Georgia’s statewide voting system uses touchscreens to print out paper ballots, which are then fed into scanning machines that record votes.
Because scanning machines read bar codes printed on the paper ballots, voters would have no way of knowing whether a hack had changed the bar code so that it didn’t match the printed text of their choices.
Sterling said the flaws were only found after a federal judge allowed a computer scientist access to voting equipment and passwords.
“There’s no way anybody can sit there in a real election environment and exploit any of these things,” Sterling said. “Some of the vulnerabilities are there, but they’re there in any system. We have lots of mitigation, and that’s already built into our robust rules and laws.”
The vulnerabilities were discovered by Alex Halderman, a computer science professor at the University of Michigan who is an expert for plaintiffs in a federal lawsuit seeking to replace Georgia’s $138 million voting system with paper ballots filled out by hand.
Halderman’s findings have been sealed in federal court since July, but CISA conducted its review to assess the threat to election security and provide advice to Georgia and jurisdictions in 16 other states that use the Dominion Democracy Suit ImageCast X voting equipment.
Election officials should pursue improvements to election technology, ballot security and post-election audits, Halderman said.
“The vulnerabilities are significant, and the state should take responsible steps promptly to reduce the risk that they’ll be exploited,” Halderman said. “That doesn’t mean it’s time to panic, and it doesn’t mean that there is proof that any past election has been tampered with. But it does mean it’s time to act.”

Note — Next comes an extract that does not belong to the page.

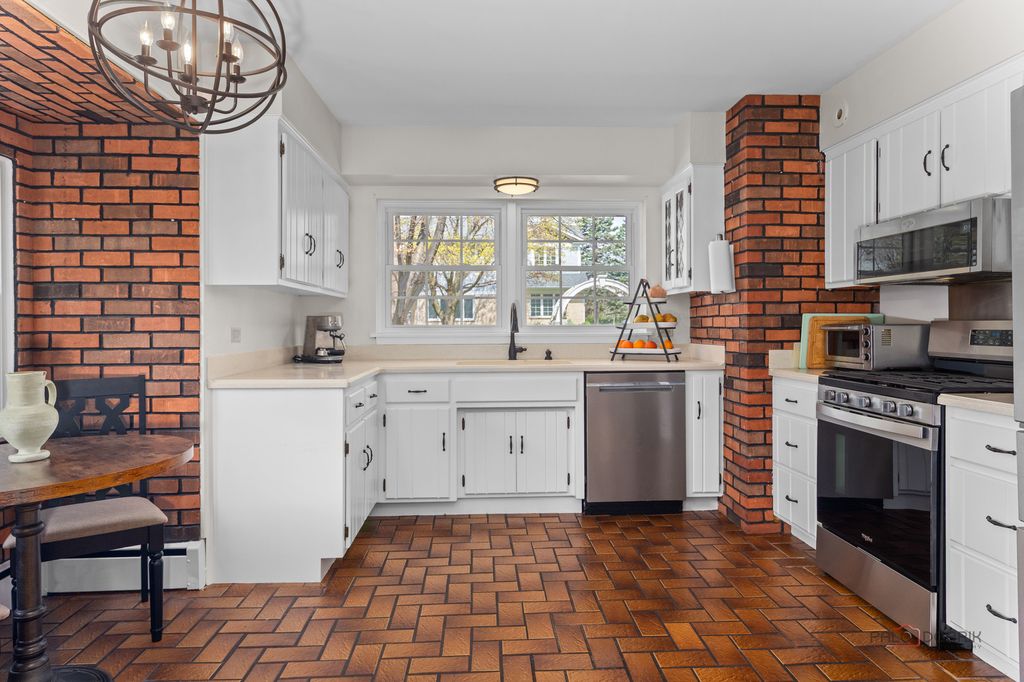 Image 11 of property listing at 2115 E Miner Street, Arlington Heights, IL 60004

Dominion said in a statement said the security of its voting system has been proven through thousands of elections and recounts.
“These issues require unfettered physical access to election equipment, which is already prohibited,” a Dominion spokeswoman said.
A hack that exploited voting touchscreens could alter bar codes so that ballots were tabulated inconsistently with the human-readable text of the ballot, according to the CISA report. If that happened, voters won’t be able to verify that their choices were what is actually counted.
The secretary of state’s office has been discussing whether to abandon bar codes in favor of a full ballot for more than a year, Sterling said. But that kind of change would create difficulties for auditing multipage ballots and drive up ballot printing costs borne by taxpayers.
Voters can help prevent the possibility of election tampering by reviewing printed ballots in polling places to ensure they’re accurate, said Mark Lindeman of Verified Voting, a national election integrity organization that focuses on election technology.
“Voters need to be able to check their ballots,” Lindeman said. “It helps if you can hold a ballot and read it.”
A study commissioned by the secretary of state’s office found just 49% of voters spent at least one second looking at their printed-out paper ballots.
The CISA advisory also suggests that election officials encourage voters to verify the human-readable portion of printed ballots.